Ora, sul web non si è quasi mai in contatto d’interesse, ma con l’alter ego ossia la famigerata agenzia interinale che si prende l’onere di ricercare tale figura nell’interminabile sequenza di annunci che partoriscono a gogò i motori di ricerca. Con una prova semplicissima, e quindi la composizione di diversi profili più o meno esperti, si riceve sempre la stessa risposta: silenzio. L’agenzia interinale non risponde, non agisce da tramite, non intrattiene in nessun modo un veicolo d’informazione tra domanda e offerta. Molto spesso tale offerta neanche esiste non essendo inserito nè il nome dell’agenzia nè quello della società, in disaccordo con la normativa vigente sul lavoro che recita che in Italia è illegale pubblicare annunci lavorativi in forma anonima. Eppure, in questo spettrale silenzio, all’improvviso qualcuno risponde recitando una frase che delizia e che dall’altra parte della cornetta vorrebbe essere registrata e riascoltata ancora e ancora: il profilo inviato corrisponde ai requisiti ricercati. Finalmente. Via verso il colloquio, ad un passo dalla verità. Ma l’incontro lascia interdetti, un pò lusingati, perché la società spiega che vuole attribuire alla segretaria non più quel ruolo statico e macchinoso, ma la vuole rendere interattiva. La mattina della prova ci si ritrova in un gruppo di venti persone, pronte a dislocarsi in tondo per la città in cerca di clienti. Si reclutano venditori porta a porta, non segretarie statiche e macchinose.
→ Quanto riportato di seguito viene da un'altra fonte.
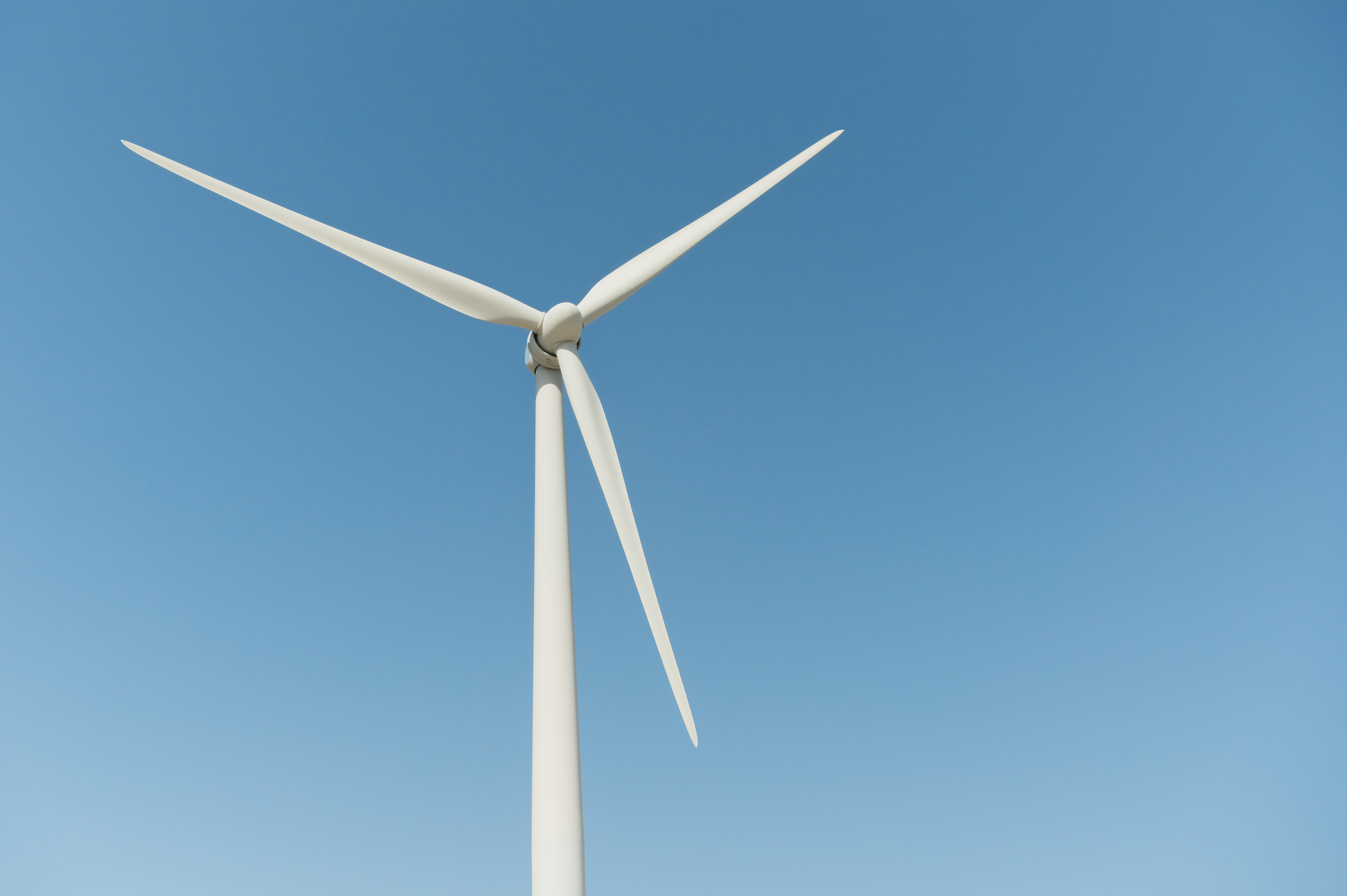 Wind turbine against a blue sky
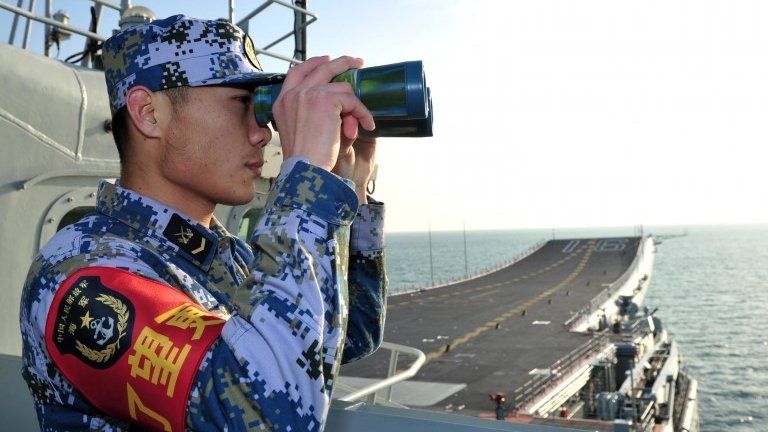 File photo: A Chinese naval soldier on board China's aircraft carrier Liaoning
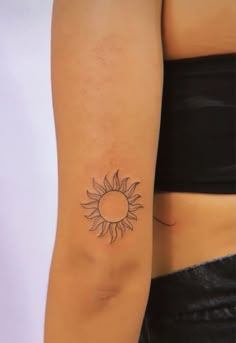 a woman's arm with a small sun tattoo on the left side of her right arm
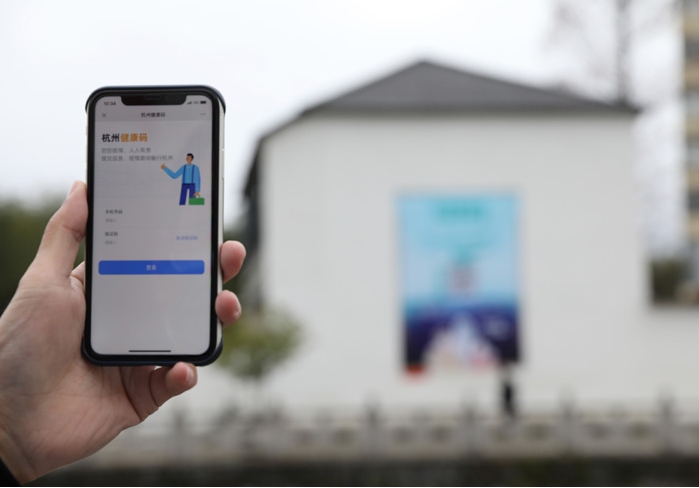 在浙江省杭州市臨安區(qū)天目山鎮(zhèn)，一名居民在“杭州健康碼”海報上掃碼申領(lǐng)個人二維碼。新華社發(fā)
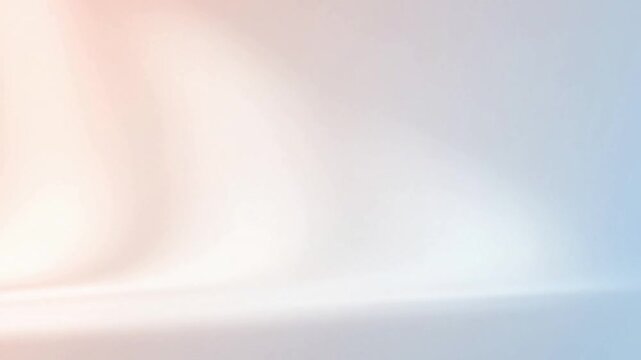 Abstract Color Wash A soft focus, abstract presentation of a pastel backdrop, where a side light creates a smooth wash of color and gentle, ethereal blurs, slowly transitioning in intensity.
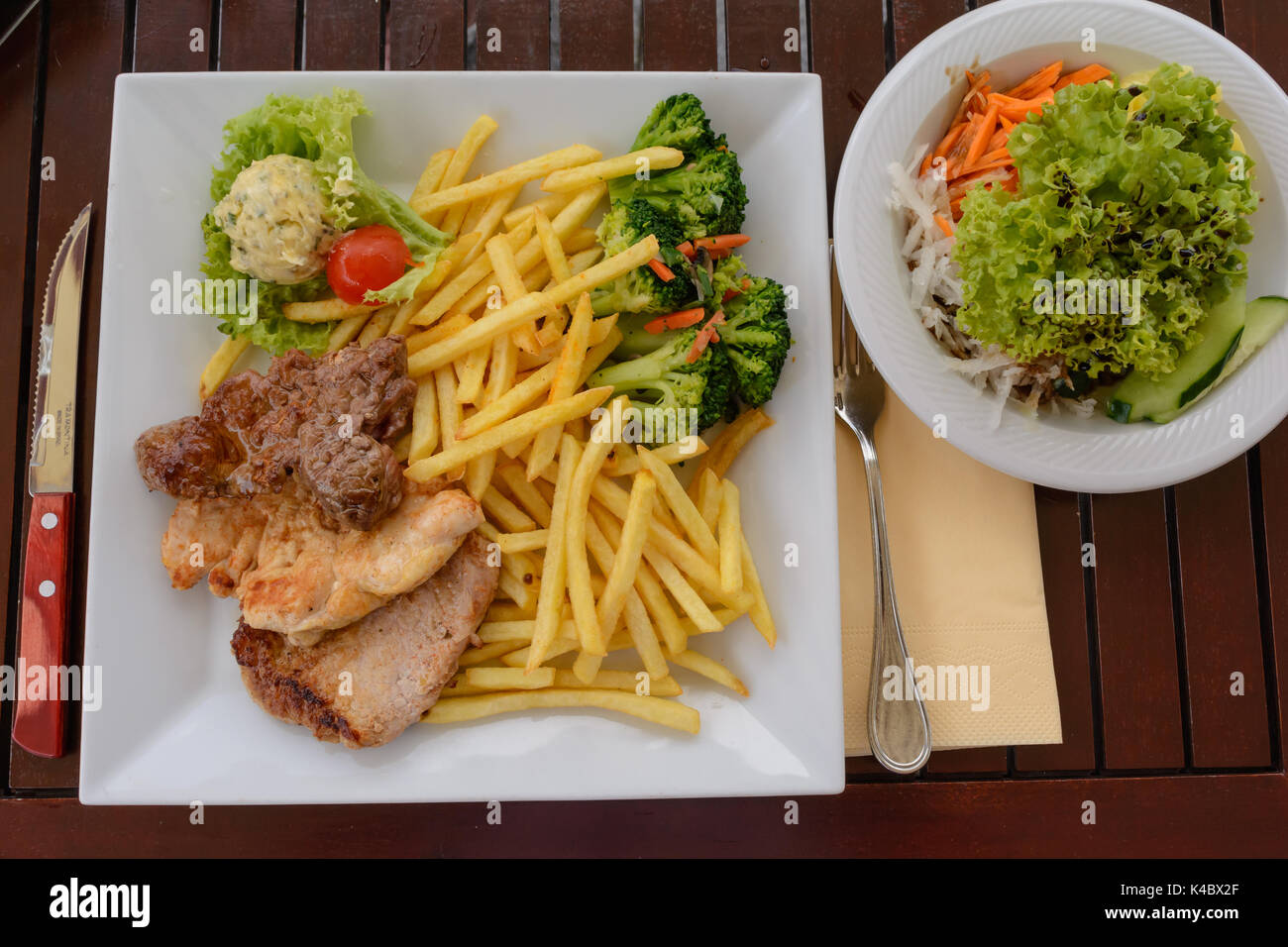 Rustic Meat Dish With French Fries And Salad On The Table Stock Photo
Altro modo infallibile per (non) trovare lavoro è rispondere all’annuncio delle pluri multinazionali del benessere che ricercano profili di segretarie con le lingue. Dopo il colloquio conoscitivo, l’azienda propone un incarico immediato previo acquisto di set benessere per la modica cifra di duecento euro. Che confusione questo mondo del lavoro. Sembra paradossale: si paga una quota sociale una tantum. Ma chi paga chi? Stessa modalità per l’offerta rivolta ad hostess di convegni. In questo caso il colloquio prevede la domanda irreprensibile : <<Ma lei è in possesso di un book?>>. La sventurata spiega che nell’inserto non era richiesto, e così con quattrocento euro più iva si accendono su richiesta i riflettori della notorietà.

Da non tralasciare poi le segretarie delle agenzie immobiliari. Loro almeno la clausola tarocca la comunicano alla prima telefonata, con la richiesta sì di una segretaria, ma con la partita iva. Poi c’è anche gente onesta. Gli stage, le collaborazioni e i tirocini che precisano: <<Grande opportunità di inserimento gratuito>>. Quindi non si paga per lavorare! Ringraziamo. In ultima analisi c’è l’assistente. Parola carica di responsabilità, di una certa importanza. L’assistente è imprescindibile, non si può fare senza: è colei che assiste, che monitora, che sbriga le faccende più ostiche, in sottofondo. Sì, ma non solo in ufficio. Anche nel dopo ufficio e nel post-dopo ufficio.

Per un mondo più bello e più giusto, ecco cosa servirebbe: filtrare gli annunci, richiedere certificazioni, abolire le agenzie interinali se rappresentano solo veicoli di facciata.